For Windows, Service Manager is a bit redundant. SrvAny and NSSM are two commonly referenced tools. Service Manager is a unified cross-platform interface - write once, run everywhere.

For Mac, Linux, and most *NIX variants, the binaries are accompanied with basic text files (e.g. 'servicemanager_nix.sysvinit'). These text files contain tokens that get replaced with the Service Manager executable location and the name of the service, which are then stored in system directories such as /etc/init.d/ to be run/processed during system startup so that the service starts at boot.

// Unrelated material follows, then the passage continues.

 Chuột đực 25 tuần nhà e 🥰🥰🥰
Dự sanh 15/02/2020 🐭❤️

Service Manager stores configuration files in a global location on the system to provide reliable, consistent configuration of services. You can find the location of the configuration file of any Service Manager enabled service by using the 'configfile' action.

How To Write A Service

Your service has to watch for the existence of two files. These notification files are '[something].reload' and '[something].stop'. You specify, during installation, what the "[something]" is. (If you use an SDK, there will be a reliable, standard mechanism.) The easiest solution here is to use your service's directory and filename as the base. Most languages can locate their own executables and scripts in the file system (e.g. PHP has __FILE__).

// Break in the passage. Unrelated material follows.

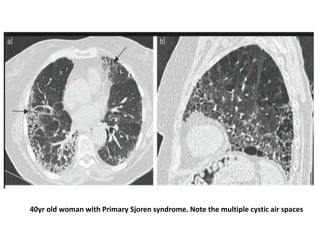 40yr old woman with Primary Sjoren syndrome. Note the multiple cystic air spaces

Ideally, there is a helper SDK for your favorite language. If not, no worries. The only real benefits of an SDK are ease of installation and removal and simple access to the service manager configuration for your service as well as selecting the correct executable to run for the platform. You can always do a manual installation with slightly longer command-lines.

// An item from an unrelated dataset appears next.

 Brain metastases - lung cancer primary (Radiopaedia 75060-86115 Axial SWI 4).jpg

See an example service written in PHP using the PHP SDK here.

How To Debug A Service

One of the really nice features of Service Manager is that you don't need it to debug your service. Just run your app normally from a command-line and use Ctrl+C to terminate it.

That said, sometimes things can work fine from a command-line but not so fine as a system service. The Service Manager '-debug' 'run' action takes most of the same options as the 'install' action and then replicates some of the service environment without detaching from the terminal/shell/command prompt. Doing this allows you to see debug output as it happens to figure out what is wrong.